== Dataset records ==
Segment Open
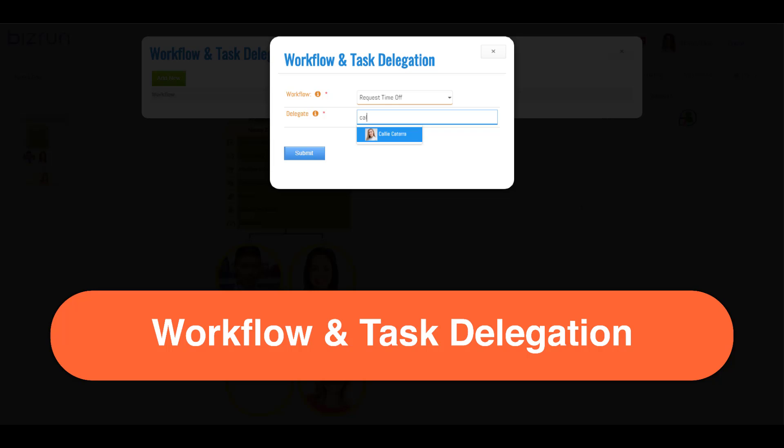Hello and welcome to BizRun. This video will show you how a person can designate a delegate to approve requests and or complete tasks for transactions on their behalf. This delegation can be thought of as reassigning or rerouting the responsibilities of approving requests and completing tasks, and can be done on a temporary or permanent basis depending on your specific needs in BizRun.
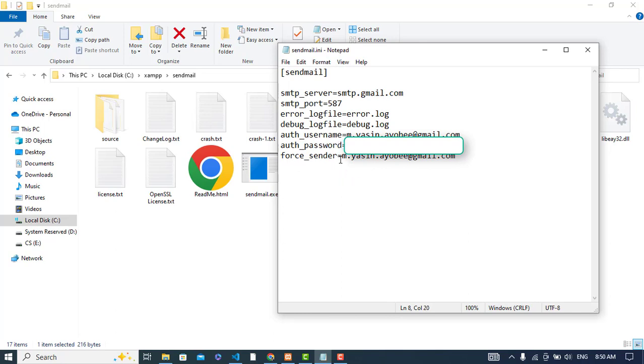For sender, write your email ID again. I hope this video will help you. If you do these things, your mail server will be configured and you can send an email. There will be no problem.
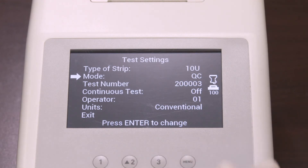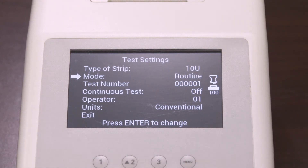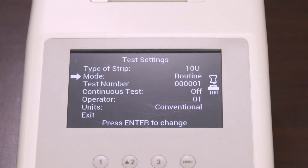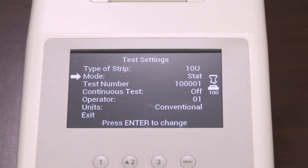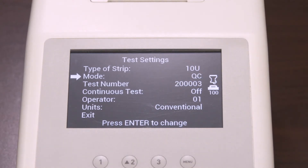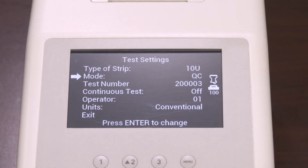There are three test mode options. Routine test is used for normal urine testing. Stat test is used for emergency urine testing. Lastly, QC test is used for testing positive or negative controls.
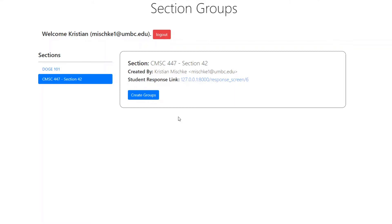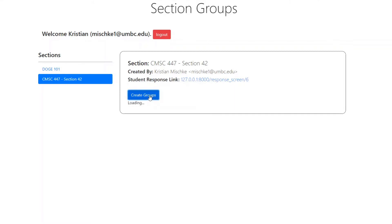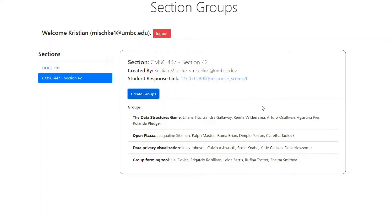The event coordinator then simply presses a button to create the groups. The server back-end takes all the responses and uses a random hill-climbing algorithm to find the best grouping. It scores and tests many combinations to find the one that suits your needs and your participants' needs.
Segment Closed
Segment Open
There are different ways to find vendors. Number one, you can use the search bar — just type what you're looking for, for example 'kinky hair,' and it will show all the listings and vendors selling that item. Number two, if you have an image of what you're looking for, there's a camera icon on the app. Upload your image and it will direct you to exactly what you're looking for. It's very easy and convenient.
Segment Closed
Segment Open
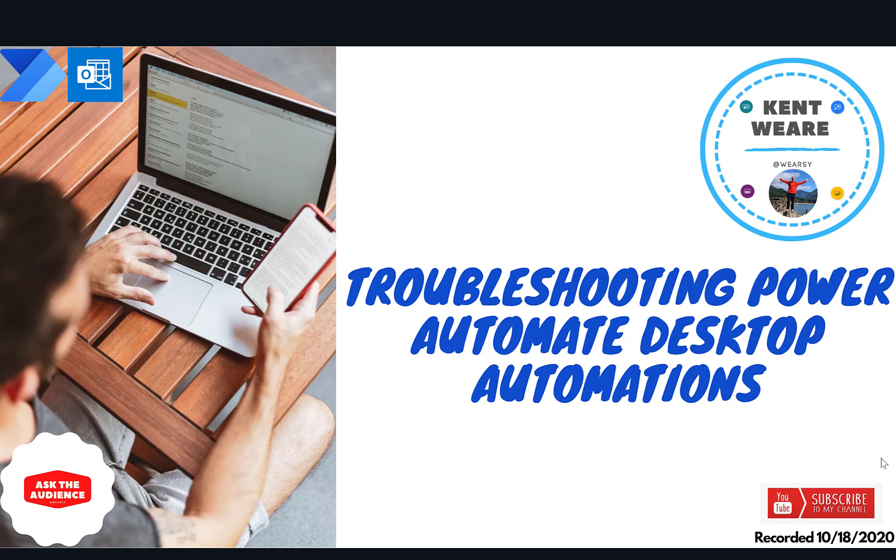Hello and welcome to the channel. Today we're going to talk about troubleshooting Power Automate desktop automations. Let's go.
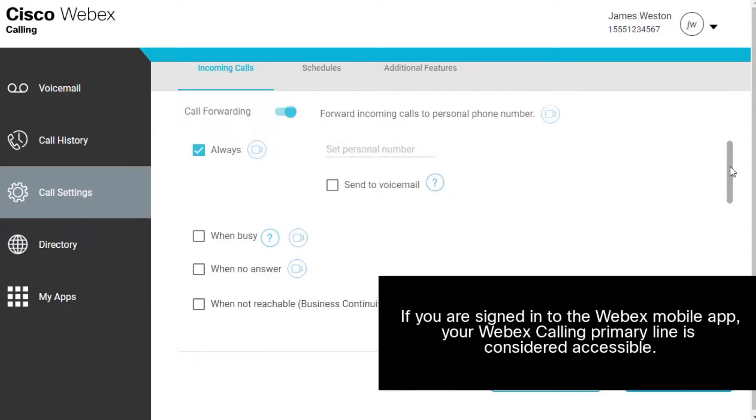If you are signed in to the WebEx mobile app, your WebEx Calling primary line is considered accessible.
Segment Closed
== Your objective ==
Using the records above, print exactly the lines between the ones containing "There are three" and "The event coordinator", inclusive, and nothing else; no pictures.

== Response to the task ==
There are three test mode options. Routine test is used for normal urine testing. Stat test is used for emergency urine testing. Lastly, QC test is used for testing positive or negative controls.
The event coordinator then simply presses a button to create the groups. The server back-end takes all the responses and uses a random hill-climbing algorithm to find the best grouping. It scores and tests many combinations to find the one that suits your needs and your participants' needs.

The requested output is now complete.